HAMP’s momentum appears to be slowing, as permanent modification growth slows and the number of trial modifications decreases more sharply. Chicago region permanent loan modifications rose by 9 percent from June to July, compared to 15 percent growth from May to June and 17 percent growth from April to May (see charts A and B). Regional trial modifications fell by 30 percent from June to July, which is the third month in a row of month-over-month losses above 20 percent. Total modification activity in the Chicago region fell by 9 percent from June to July.

Similar trends can be seen nationally. Trial modifications also dropped by 30 percent from June to July, and permanent modifications grew by 8 percent—slightly less than the 9 percent growth in the Chicago region. Nationally, total modification activity fell by 10 percent from June to July.
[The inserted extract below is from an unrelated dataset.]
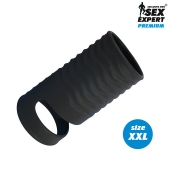 Черная открытая насадка на пенис с кольцом для мошонки XXL-size - 9,4 см. - Sex Expert - в Волгодонске купить с доставкой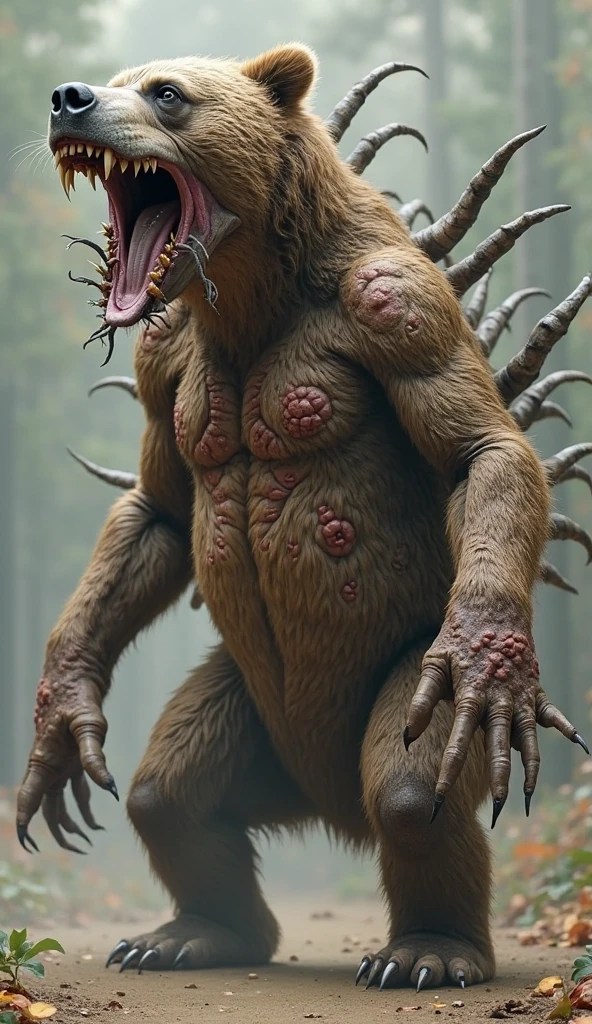 realistic image of a naked half werewolf sunbathing being attacked by a group of worms and some of the worms tore through his stomach, one of the worms went into his genitals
As we noted in past months, the falling numbers of active modifications are likely due in part to the fact that many servicers did not require full income documentation before starting a trial modification; borrowers who do not qualify based on income are now being dropped from the program. Additionally, Treasury now requires that all servicers collect full income documentation before starting a trial modification, likely slowing the rate of new trial modifications.


Compared to the 10 metropolitan areas with the highest HAMP activity, Chicago is fifth in terms of percentage of all active HAMP modifications that are permanent, with permanent modifications comprising 63.2 percent of all active modifications. This is higher than the national average of 62.2 percent of all active modifications being permanent (see charts C and D below).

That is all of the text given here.